You know, one of the big problems of research world and arcologies is the dire need of special resources, which consume 1 building slot for generating only 2 to 3.8 unit (with abundance + satisfied faction) and provide only 1 job. In this new building system, there will be much less building slot to generate them, and that will cause a pretty big problem. Can you do something about it, like allow upgrade for these building (only the manufacturing one is fine, the mine should stay as it is)?

True, but you wont be needing those building slots for consumer goods or alloys
 
You know, one of the big problems of research world and arcologies is the dire need of special resources, which consume 1 building slot for generating only 2 to 3.8 unit (with abundance + satisfied faction) and provide only 1 job. In this new building system, there will be much less building slot to generate them, and that will cause a pretty big problem. Can you do something about it, like allow upgrade for these building (only the manufacturing one is fine, the mine should stay as it is)?

I actually think that the mine needs to be buffed, while the manufacturing should stay as is. An upgraded building is/will be twice as good as the base version, in exchange for one rare resource upkeep. As such, each rare resource is effectively a building slot. A building which takes up a slot but generated two resources is net +1 building slot, or +2 if you have the bonuses to get up to 3 production.

In the current version the best place for refineries was on rural worlds, as they had plenty of pops but not very many buildings that need to be built. In the upcoming version, with pops no longer directly giving building slots, the best places for refineries will be ecumenopoli and habitats, I suspect.
 
Out of curiosity, Devs (@Eladrin, @Alfray Stryke , etc), are there any significant changes to the buildings or tech that you showed us in the dev diaries for the new economic system since you showed them off in early November? I'd be particularly interested if there are any changes that you would like to share that were made due to player feedback in this thread (and the insight into the thought processes of design involving incorporating them might also be interesting).

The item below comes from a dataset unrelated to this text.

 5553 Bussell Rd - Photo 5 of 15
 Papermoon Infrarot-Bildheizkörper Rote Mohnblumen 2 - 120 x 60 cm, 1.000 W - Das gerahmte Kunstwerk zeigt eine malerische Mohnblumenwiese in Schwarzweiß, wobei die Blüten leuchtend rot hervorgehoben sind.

By the way, have you done anything with the Economy of Scale tech line? As has been pointed out, due to how additive modifiers work at least in the current version of Stellaris, the techs as they worked when last shown to us, would have increased raw production while significantly decreasing efficiency, which really goes against what you would tend to expect an economy of scale doing. It was suggested at the time that multiplicative effects on throughput might capture the intended effect better while avoiding this perhaps unintentional negative side-effect.
 
Out of curiosity, Devs (@Eladrin, @Alfray Stryke , etc), are there any significant changes to the buildings or tech that you showed us in the dev diaries for the new economic system since you showed them off in early November? I'd be particularly interested if there are any changes that you would like to share that were made due to player feedback in this thread (and the insight into the thought processes of design involving incorporating them might also be interesting).

By the way, have you done anything with the Economy of Scale tech line? As has been pointed out, due to how additive modifiers work at least in the current version of Stellaris, the techs as they worked when last shown to us, would have increased raw production while significantly decreasing efficiency, which really goes against what you would tend to expect an economy of scale doing. It was suggested at the time that multiplicative effects on throughput might capture the intended effect better while avoiding this perhaps unintentional negative side-effect.
I did the math out in another thread. Even with ridiculous late game bonuses of +300% production to miners and researchers, it's still beneficial. For more reasonable situations or for other resources which don't get those insane bonuses, it's even more so. It's slightly decreased efficiency for decently increased throughput, and considering that pops are the major limiter in Stellaris throughput is what you want.